Force est de constater que les résultats du scrutin du 7 mai annoncent des lendemains douloureux pour les responsables européens. David Cameron ne peut pas moins faire que d’organiser le référendum promis et peut-être plus tôt que l’échéance fixée afin de ne pas prolonger une incertitude dommageable pour les affaires. Les investisseurs industriels et financiers, britanniques et surtout étrangers, veulent savoir le plus tôt possible si Londres sera dedans ou dehors.
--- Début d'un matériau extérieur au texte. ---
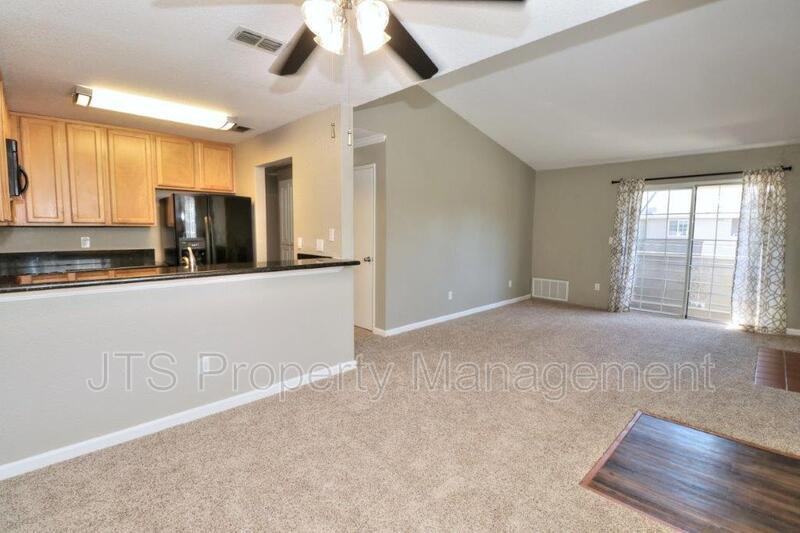 Upper Level Condo For Rent in Trinity Woods! property image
Le Premier ministre britannique veut une « rénovation » de l’Union, et à ce prix, il est prêt à mener campagne pour le maintien de son pays dans l’UE. Mais qu’entend-il par « rénovation » ? Le Royaume-Uni jouit déjà d’un statut particulier dans plusieurs domaines, budgétaires, policiers – il n’appartient pas à la zone Schengen –, sans parler de son refus d’adopter la monnaie commune. David Cameron veut « rapatrier » un certain nombre de pouvoirs qui ont été concédés à Bruxelles. Nombre de ses partenaires craignent que, sous couvert de promouvoir la « subsidiarité », il s’agisse en fait de détricoter les politiques communes et de transformer l’UE en une vaste zone de libre-échange. Les Britanniques en rêvent depuis des décennies, avant et après leur entrée dans la Communauté.
La grande majorité des autres membres de l’UE est favorable au maintien du Royaume-Uni. Pour des raisons diverses. Certains pays du nord, y compris l’Allemagne, voient en Londres le défenseur d’une forme de libéralisme économique sans cesse remis en cause par les pays du sud, supposés plus étatistes. La France, quant à elle, est partagée entre la méfiance atavique envers la « perfide Albion » et le soutien à la présence britannique qui lui évite un face-à-face quasi-exclusif avec Berlin.
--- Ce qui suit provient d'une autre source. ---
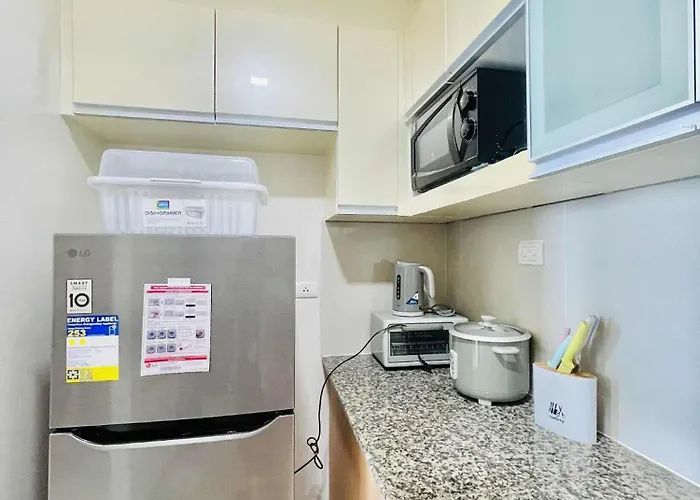 Mactan Newtown Cozy With Wifi And Pool Access That Enjoy Punta Engano (Mactan)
La question est de savoir quelles sont les concessions que les partenaires de Londres sont prêts à consentir pour éviter la déliquescence de l’UE soit par perte de substance interne soit par la fuite d’un de ses membres qui donnerait le signal d’un sauve-qui-peut général. La chancelière allemande Angela Merkel est, semble-t-il, disposée à aller très loin dans le compromis pour permettre à David Cameron de gagner son référendum. Toutefois, elle a répété à maintes reprises qu’elle n’accepterait pas une remise en cause de la liberté de circulation au sein de l’UE. Or c’est précisément sur le thème de la lutte contre l’immigration et contre le « tourisme social » que David Cameron a fait campagne dans les derniers jours et sur ce thème qu’il a sans doute gagné les élections.
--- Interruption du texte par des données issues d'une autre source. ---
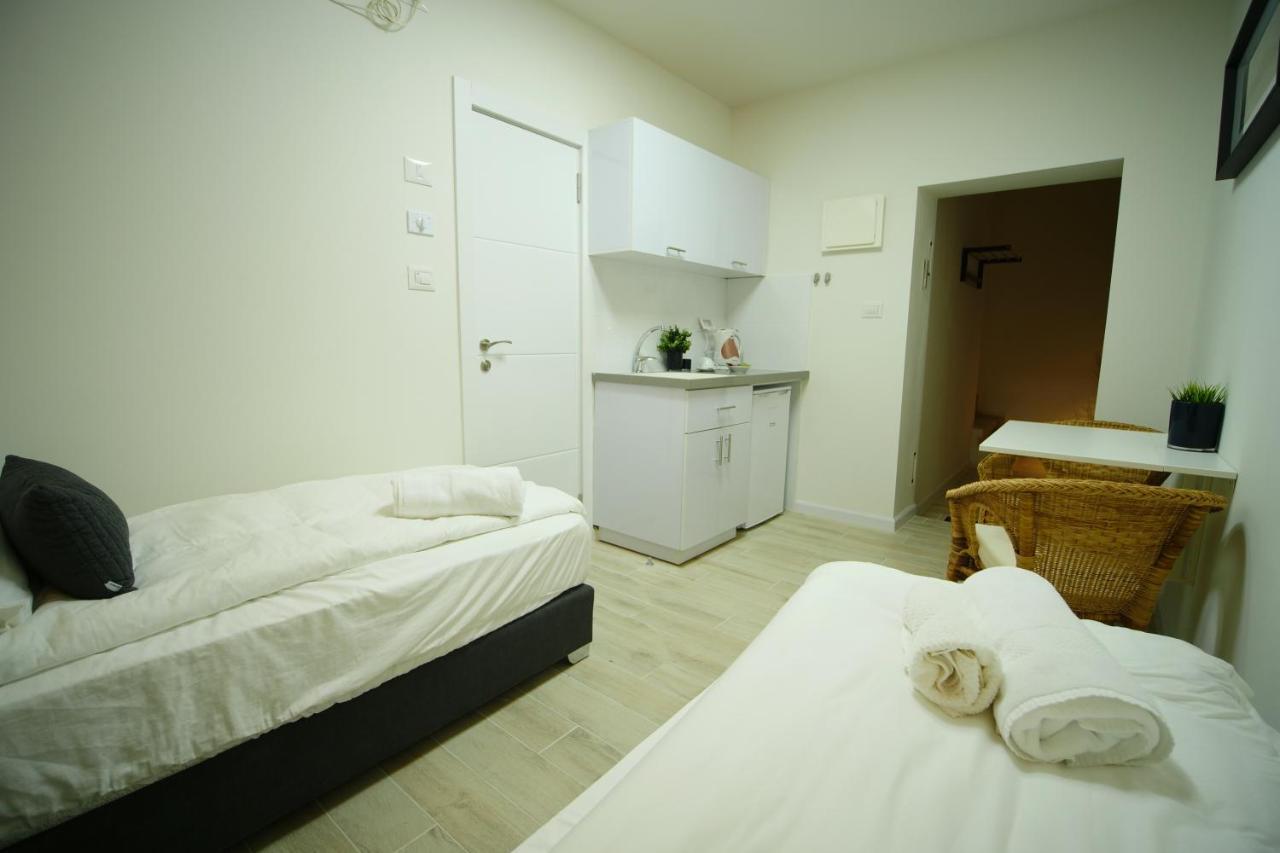 Exclusive Guest Room Bene Beraq ภายนอก รูปภาพ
Alors que le problème de la Grèce est loin d’être réglé, qu’un « Grexit » de la zone euro voire de l’UE est toujours possible, voici que la menace d’un « Brexit » se profile à l’horizon. Menace réelle ou non, le sujet va accaparer l’attention, le temps et l’énergie des dirigeants européens au cours des prochains mois et peut-être des prochaines années. L’exact opposé d’une réflexion et d’une action sur la poursuite de l’intégration européenne, pourtant plus nécessaire que jamais. Qu’ils restent ou qu’ils partent, les eurosceptiques britanniques auront réussi à paralyser cette construction européenne qu’ils détestent depuis toujours.